A young girl, maybe 11, came to the reference desk looking for information about Lou Gehrig a little bit ago. I found her a book, but the phone was ringing and there was another patron waiting in line, so I asked if she knew "how the numbers on the books work." She smiled and said she did, so I wrote the call number and the first to words of the title for her on a scrap of paper. Maybe two minutes later, as I was walking the stacks with an adult who didn't understand the Dewey decimal system, I saw the girl leaving with the correct book.
It makes sense, I guess, that almost no adult who comes in here can find things, but children can. When I was in elementary school, our librarian drilled into us how to find our own books, and they probably do even more now than they did in the 1980s, and probably did so less before I was in school. Today's kids naturally have a leg up on cataloging, just like they do with computers, by virtue of immersion at a young age. Regardless, it's neat to see kids be independent.

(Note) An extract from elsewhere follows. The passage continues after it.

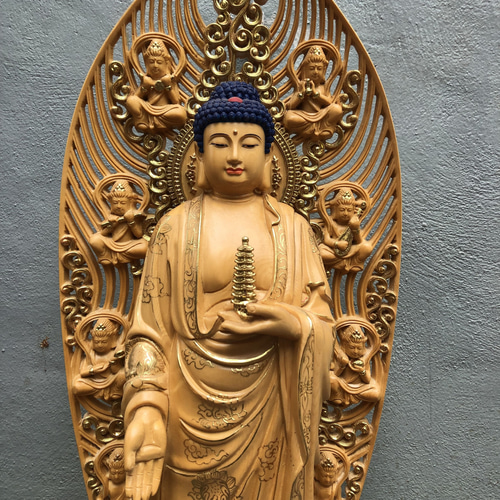 【修縁堂】最高級 木彫り 仏像 薬師如来三尊立像 本金 切金 彫刻 天然木檜材 最高级 高さ90cm 超大型 薬師如来仏立像 木製仏像 切金 本金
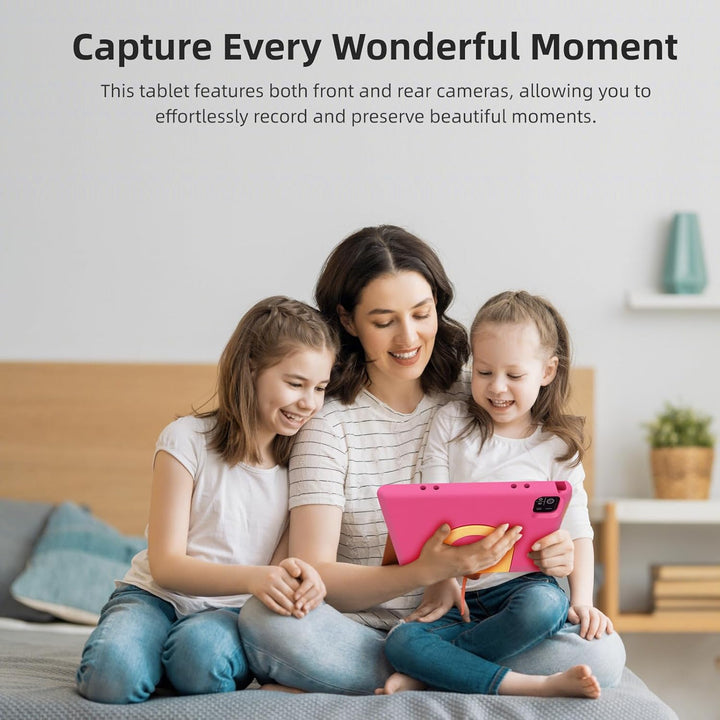 Kids Tablet, 10.1 Inch IPS HD Touchscreen Android 14 64 GB Storage, 8GB (4+4 Virtual) RAM, Octa Core Tablet for Kid with Kid-Proof Case, Parental Controls, 12-Hr Battery, Wifi, GPS – Pink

Sure, that same independence will likely manifest itself in a few years as snottiness, and she'll come back in here dressed all in black, accompanied by loud friends who won't get off their cell phones and only want to hang out in the computer lab all day leeching illegally-obtained music from the internet and glaring at the 40-somethings for no reason, but not now. Now she can find her own books, and that understanding won't go away, even if she does turn obnoxious. As long as she wants to read something, she can find it, and be afforded the privacy one has when the library staff don't know your business, don't know what you're reading in the back corner.
As a teenager I spent a lot of time ate the library, but I never interacted with the librarians at all. If I'd had too, I'd have read far less. In junior high at least half of the reading I did was about UFOs, because I was going to uncover the cover-up. If a librarian had been a necessary part of my book search, it would have just made me paranoid, and if they couldn't find what I wanted it would have been nothing less than proof that they were part of the cover-up. Then I'd be afraid of libraries, and I wouldn't have a job today. Also I wouldn't have first crack at the new John Scalzi books, and that would just be sad.